● Short descriptive text snippets
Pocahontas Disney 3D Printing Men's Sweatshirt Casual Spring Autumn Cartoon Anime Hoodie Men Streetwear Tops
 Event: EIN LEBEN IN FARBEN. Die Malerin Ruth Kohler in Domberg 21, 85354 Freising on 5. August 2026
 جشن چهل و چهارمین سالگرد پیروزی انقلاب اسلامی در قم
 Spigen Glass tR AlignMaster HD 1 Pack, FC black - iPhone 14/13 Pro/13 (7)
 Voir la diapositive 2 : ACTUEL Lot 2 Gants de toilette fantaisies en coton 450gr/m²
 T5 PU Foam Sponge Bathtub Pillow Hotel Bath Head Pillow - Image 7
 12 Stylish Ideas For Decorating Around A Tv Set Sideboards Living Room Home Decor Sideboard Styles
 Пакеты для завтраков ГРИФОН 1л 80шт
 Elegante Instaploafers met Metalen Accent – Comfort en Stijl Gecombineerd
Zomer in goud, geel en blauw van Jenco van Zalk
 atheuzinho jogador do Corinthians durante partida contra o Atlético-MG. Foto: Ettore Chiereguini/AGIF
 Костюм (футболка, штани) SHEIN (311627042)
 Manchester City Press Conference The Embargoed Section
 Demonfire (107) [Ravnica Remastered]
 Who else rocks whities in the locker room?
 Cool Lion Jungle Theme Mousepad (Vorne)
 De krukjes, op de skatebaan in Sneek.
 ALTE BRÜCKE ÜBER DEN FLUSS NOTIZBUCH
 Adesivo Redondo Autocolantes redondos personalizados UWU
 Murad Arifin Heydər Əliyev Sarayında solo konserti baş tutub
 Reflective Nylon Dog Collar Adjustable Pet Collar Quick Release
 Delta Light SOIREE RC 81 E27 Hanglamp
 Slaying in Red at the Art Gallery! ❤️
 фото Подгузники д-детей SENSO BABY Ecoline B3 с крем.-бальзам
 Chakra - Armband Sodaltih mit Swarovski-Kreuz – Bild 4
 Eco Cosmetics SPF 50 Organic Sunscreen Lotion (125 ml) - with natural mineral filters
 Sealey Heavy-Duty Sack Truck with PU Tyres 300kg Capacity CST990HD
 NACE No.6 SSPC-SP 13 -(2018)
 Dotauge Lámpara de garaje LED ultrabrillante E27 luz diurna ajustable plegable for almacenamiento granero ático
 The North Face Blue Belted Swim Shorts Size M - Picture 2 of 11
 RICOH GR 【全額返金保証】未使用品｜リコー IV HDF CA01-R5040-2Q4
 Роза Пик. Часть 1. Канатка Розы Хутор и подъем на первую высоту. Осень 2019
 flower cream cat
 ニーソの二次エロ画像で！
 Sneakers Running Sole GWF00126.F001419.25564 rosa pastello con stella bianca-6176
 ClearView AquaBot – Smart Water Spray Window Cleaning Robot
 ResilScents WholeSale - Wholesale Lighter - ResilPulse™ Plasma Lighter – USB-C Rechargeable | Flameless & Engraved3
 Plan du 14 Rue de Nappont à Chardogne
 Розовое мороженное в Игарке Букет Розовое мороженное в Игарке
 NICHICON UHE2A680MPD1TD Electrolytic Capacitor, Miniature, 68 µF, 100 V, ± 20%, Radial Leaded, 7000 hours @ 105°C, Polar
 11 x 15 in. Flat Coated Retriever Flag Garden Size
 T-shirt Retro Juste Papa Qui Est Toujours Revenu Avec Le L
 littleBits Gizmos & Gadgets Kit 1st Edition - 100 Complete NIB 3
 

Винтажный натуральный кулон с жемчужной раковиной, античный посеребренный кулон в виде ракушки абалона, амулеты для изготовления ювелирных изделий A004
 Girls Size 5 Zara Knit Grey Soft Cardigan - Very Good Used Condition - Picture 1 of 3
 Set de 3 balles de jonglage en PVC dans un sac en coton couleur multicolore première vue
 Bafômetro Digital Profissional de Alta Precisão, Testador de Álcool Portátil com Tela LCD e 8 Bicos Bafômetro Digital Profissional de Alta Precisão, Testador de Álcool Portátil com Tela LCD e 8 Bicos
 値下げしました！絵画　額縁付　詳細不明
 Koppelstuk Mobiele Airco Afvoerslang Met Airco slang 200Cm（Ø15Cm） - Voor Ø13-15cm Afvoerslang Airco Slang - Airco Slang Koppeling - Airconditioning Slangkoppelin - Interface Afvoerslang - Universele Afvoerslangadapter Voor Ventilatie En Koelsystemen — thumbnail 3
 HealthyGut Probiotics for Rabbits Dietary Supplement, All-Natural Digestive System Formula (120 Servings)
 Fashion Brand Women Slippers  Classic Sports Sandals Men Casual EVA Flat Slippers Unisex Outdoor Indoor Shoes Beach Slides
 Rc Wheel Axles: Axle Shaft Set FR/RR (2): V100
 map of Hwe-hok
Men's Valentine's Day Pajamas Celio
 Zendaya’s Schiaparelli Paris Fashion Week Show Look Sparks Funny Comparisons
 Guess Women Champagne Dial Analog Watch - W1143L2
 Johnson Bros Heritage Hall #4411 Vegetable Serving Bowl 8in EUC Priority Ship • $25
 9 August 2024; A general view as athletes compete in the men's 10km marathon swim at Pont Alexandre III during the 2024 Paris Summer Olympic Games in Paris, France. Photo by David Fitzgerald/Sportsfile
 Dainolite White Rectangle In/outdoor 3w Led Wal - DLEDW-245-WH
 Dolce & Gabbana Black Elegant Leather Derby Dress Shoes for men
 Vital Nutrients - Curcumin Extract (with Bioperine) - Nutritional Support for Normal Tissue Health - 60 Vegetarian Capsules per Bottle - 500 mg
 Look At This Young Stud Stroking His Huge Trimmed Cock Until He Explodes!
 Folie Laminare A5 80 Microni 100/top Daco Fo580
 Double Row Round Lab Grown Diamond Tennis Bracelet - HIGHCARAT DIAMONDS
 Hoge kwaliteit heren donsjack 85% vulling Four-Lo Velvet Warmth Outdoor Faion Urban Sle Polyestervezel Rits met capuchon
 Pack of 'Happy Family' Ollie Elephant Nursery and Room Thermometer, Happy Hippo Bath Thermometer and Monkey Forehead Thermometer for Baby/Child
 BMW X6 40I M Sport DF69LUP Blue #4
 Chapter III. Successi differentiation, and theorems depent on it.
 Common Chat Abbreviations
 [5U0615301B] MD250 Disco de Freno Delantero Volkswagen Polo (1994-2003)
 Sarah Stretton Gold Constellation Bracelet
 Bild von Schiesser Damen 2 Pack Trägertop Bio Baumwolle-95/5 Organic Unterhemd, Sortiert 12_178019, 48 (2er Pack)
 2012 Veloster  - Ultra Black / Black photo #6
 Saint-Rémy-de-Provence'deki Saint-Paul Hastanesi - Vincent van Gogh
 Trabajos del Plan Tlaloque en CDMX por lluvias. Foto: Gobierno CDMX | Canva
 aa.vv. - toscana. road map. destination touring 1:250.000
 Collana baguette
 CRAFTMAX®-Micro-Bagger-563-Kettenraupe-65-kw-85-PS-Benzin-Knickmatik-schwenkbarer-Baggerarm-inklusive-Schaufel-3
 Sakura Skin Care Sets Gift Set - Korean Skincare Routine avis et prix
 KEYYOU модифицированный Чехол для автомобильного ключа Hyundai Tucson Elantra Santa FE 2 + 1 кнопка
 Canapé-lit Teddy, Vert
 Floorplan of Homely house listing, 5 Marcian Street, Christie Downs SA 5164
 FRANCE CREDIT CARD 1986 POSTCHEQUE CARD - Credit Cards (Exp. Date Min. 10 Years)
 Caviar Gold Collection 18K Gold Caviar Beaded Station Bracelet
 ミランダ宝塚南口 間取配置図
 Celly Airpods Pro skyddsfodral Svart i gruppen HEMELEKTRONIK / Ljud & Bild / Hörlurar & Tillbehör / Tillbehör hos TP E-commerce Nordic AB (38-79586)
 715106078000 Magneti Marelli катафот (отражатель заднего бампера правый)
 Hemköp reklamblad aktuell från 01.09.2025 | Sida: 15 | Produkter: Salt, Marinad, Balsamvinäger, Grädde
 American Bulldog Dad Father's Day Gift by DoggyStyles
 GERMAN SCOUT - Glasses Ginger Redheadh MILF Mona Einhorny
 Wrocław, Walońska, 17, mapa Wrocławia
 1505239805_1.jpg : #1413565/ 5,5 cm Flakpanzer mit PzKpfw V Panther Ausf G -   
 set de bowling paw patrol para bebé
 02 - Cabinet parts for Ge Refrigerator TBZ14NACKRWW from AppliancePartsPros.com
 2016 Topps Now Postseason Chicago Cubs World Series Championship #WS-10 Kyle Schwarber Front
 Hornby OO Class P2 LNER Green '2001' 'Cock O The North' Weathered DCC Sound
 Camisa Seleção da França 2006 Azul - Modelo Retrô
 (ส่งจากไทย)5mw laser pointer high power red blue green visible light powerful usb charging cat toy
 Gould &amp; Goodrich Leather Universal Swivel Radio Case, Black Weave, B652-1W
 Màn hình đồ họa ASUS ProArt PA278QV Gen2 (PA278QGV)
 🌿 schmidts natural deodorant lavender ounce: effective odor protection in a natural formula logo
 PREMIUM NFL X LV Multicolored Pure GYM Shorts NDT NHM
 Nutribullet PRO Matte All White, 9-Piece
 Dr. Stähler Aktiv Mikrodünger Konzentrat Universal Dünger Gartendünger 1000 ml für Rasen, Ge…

● Work instruction
When you reach the line with "Koppelstuk Mobiele Airco" in the records above, start writing out lines exactly, and stop once the line with "map of Hwe-hok" has been written; include nothing else.

● Solution for this task
 Koppelstuk Mobiele Airco Afvoerslang Met Airco slang 200Cm（Ø15Cm） - Voor Ø13-15cm Afvoerslang Airco Slang - Airco Slang Koppeling - Airconditioning Slangkoppelin - Interface Afvoerslang - Universele Afvoerslangadapter Voor Ventilatie En Koelsystemen — thumbnail 3
 HealthyGut Probiotics for Rabbits Dietary Supplement, All-Natural Digestive System Formula (120 Servings)
 Fashion Brand Women Slippers  Classic Sports Sandals Men Casual EVA Flat Slippers Unisex Outdoor Indoor Shoes Beach Slides
 Rc Wheel Axles: Axle Shaft Set FR/RR (2): V100
 map of Hwe-hok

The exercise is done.